Many database vendors would like me to take a look at their products and consider adopting them for all sorts of purposes. Often they’re pitching something quite new and unproven as a replacement for mature, boring technology I’m using happily.
I would consider a new and unproven technology, and I often have. As I’ve written previously, though, a real evaluation takes a lot of effort, and that makes most evaluations non-starters.
Perhaps the most important thing I’m considering is whether the product is mature. There are different levels of maturity, naturally, but I want to understand whether it’s mature enough for me to take a look at it. And in that spirit, it’s worth understanding what makes a database mature.
For my purposes, maturity really means demonstrated capability and quality with a lot of thought given to all the little things. The database needs to demonstrate the ability to solve specific problems well and with high quality. Sometimes this comes from customers, sometimes from a large user community (who may not be customers).
Here are some things I’ll consider when thinking about a database, in no particular order.
- What problem do I have? It’s easy to fixate on a technology and start thinking about how awesome it is. Some databases are just easy to fall in love with, to be frank. Riak is in this category. I get really excited about the features and capabilities, the elegance. I start thinking of all the things I could do with Riak. But now I’m putting the cart before the horse. I need to think about my problems first.
- Query flexibility. Does it offer sophisticated execution models to handle the nuances of real-world queries? If not, I’ll likely run into queries that run much more slowly than they should, or that have to be pulled into application code. MySQL has lots of examples of this. Queries such as
ORDER BYwith a
LIMITclause, which are super-common for web workloads, did way more work than they needed to in older versions of MySQL. (It’s better now, but the scars remain in my mind).
- Query flexibility. The downside of a sophisticated execution engine with smart plans is they can go very wrong. One of the things people like about NoSQL is the direct, explicit nature of queries, where an optimizer can’t be too clever for its own good and cause a catastrophe.
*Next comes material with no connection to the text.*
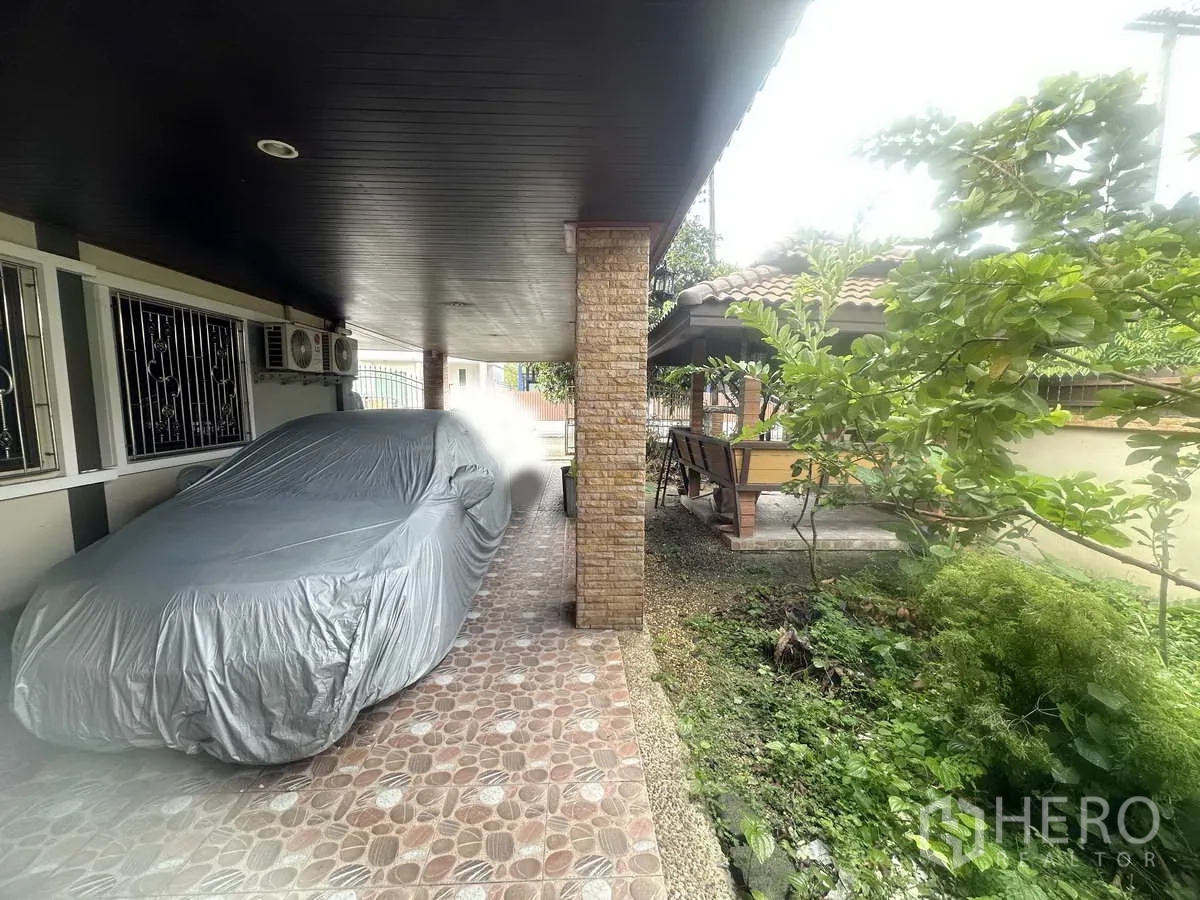 独立式住宅 出售在Pathum Thani - 房侧双车位有顶车棚，旁有绿化与通往凉亭的小径。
A database needs to make up its mind: if it’s simple and direct, OK. If it’s going to be smart, the bar is very high. A lot of NoSQL databases that offer some kind of “map-reduce” query capability fall into the middle ground here: key-value works great, but the map-reduce capability is far from optimal.
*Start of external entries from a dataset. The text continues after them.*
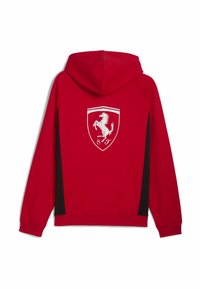 Červená mikina s kapucí a černými bočními detaily, na zadní straně s bílým logem Ferrari, vyrobená z měkké, texturované tkaniny.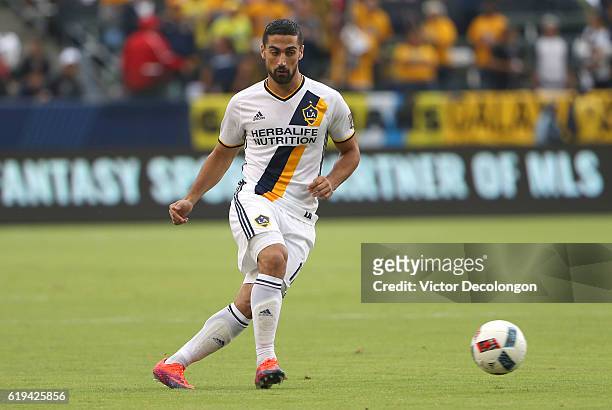 Sebastian Lletget of Los Angeles Galaxy passes the ball during leg one of the Audi 2016 MLS Cup Playoff Western Conference Semfinal between the...
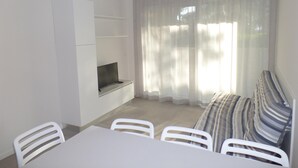 A small, bright room with a white table, chairs, a sofa, a TV on a shelf, and a large window with sheer curtains. - Melograno B B in Bibione (San Michele al Tagliamento)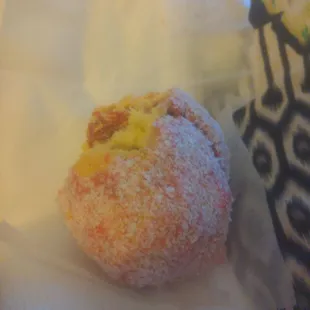 a donut covered in powdered sugar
- Data protection. Everything fails, even things you never think about. Does it automatically check for and guard against bit rot, bad memory, partial page writes, and the like? What happens if data gets corrupted? How does it behave?
- Backups. How do you back up your data? Can you do it online, without interrupting the running database? Does it require proprietary tools? If you can do it with standard Unix tools, there’s infinitely more flexibility. Can you do partial/selective backups? Differential backups since the last backup?
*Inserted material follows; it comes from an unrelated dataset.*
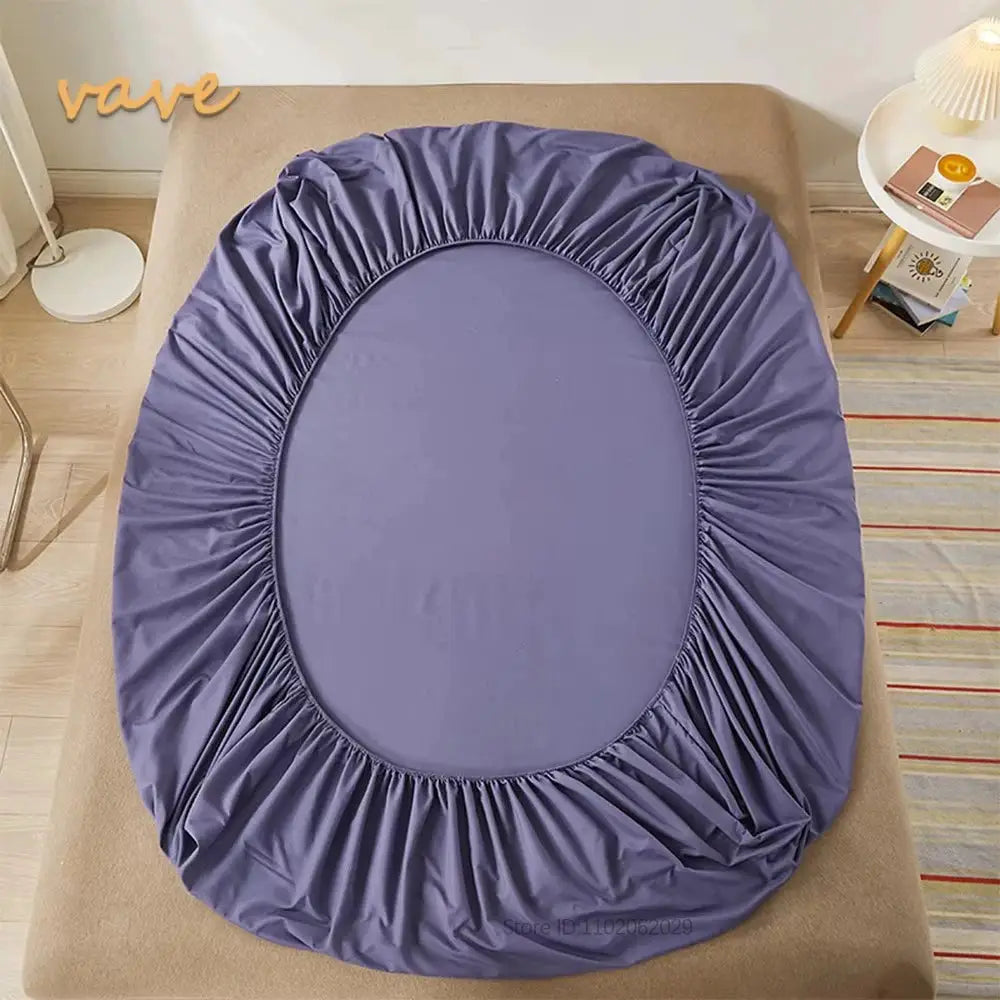 Purple full-size cotton fitted sheet with elastic bands.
- Restores. How do you restore data? Can you do it online, without taking the database down? Can you restore data in ways you didn’t plan for when taking the backup? For example, if you took a full backup, can you efficiently restore just a specific portion of the data?
- Replication. What is the model—synchronous, async, partial, blend? Statement-based, change-based, log-based, or something else? How flexible is it? Can you do things like apply intensive jobs (schema changes, big migrations) to a replica and then trade master-and-replica? Can you filter and delay and fidget with replication all different ways? Can you write to replicas? Can you chain replication? Replication flexibility is an absolutely killer feature. Operating a database at scale is very hard with inflexible replication. Can you do multi-source replication? If replication breaks, what happens? How do you recover it? Do you have to rebuild replicas from scratch? Lack of replication flexibility and operability is still one of the major pain points in PostgreSQL today. Of course, MySQL’s replication provides a lot of that flexibility, but historically it didn’t work reliably, and gave users a huge foot-gun. I’m not saying either is best, just that replication is hard but necessary.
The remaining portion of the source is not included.